Pizzaiolo Kelly Whitaker learned how to make pizza in Italy, then brought that knowledge to Boulder, where he recently opened Pizzeria Basta. Boulder already has some of the best restaurants in the state, Frasca and L'Atelier among them; can an artisan pizza joint share in their stardom? There's no question that Whitaker has every intention of trying. He makes his dough using a fifty-year-old starter kit from Naples; he sources as many ingredients as he can from local suppliers, farmers and vendors; he pickles his own vegetables, crafts his own mozzarella and ricotta, cures his own pancetta and makes his own sausage, all of which are noble endeavors. But Whitaker really displays his skills when he puts everything together: The slightly misshapen crusts, properly salted and scorched in all the right spots, are surfaced with a remarkably fresh tomato sauce and mouthfuls of inspired meats and vegetables.

Elway's Cherry Creek

Who would have thought, in a town flush with cantinas, taquerías, carnicerías and Mexican markets, that Denver's best red chile would come from the kitchen of a full-blooded steakhouse? While the Cherry Creek Elway's is best known for its slabs of steer, chef Tyler Wiard's New Mexican-style red chile, which he drapes over his steak enchiladas, is worthy of worship.

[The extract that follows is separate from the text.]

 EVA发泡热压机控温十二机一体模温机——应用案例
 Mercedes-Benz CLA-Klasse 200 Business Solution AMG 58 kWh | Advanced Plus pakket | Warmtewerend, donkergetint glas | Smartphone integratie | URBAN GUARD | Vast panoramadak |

We can't get enough of this smooth, slightly bitter purée, which is sharply punctuated with the savory, spicy and earthy nuances of ground chiles.

Chili Verde (MOVED)

When Chili Verde opened last summer with a skeleton staff, sporadic hours and no liquor license, owners and brothers Eder and Hanzel Yañez-Mota seduced the city with their crazy-good Pueblan food, a showcase of complexly spiced moles, remarkably good ceviche and pudgy rellenos uniquely packaged with peaches, plantains and nuts. And then they pulled out all the stops with a delicious plate of delicate crepes, rolled with shredded chicken and draped with a faintly spicy cream sauce sweetened with corn and laced with ropes of onions and charred poblanos scented with smoke.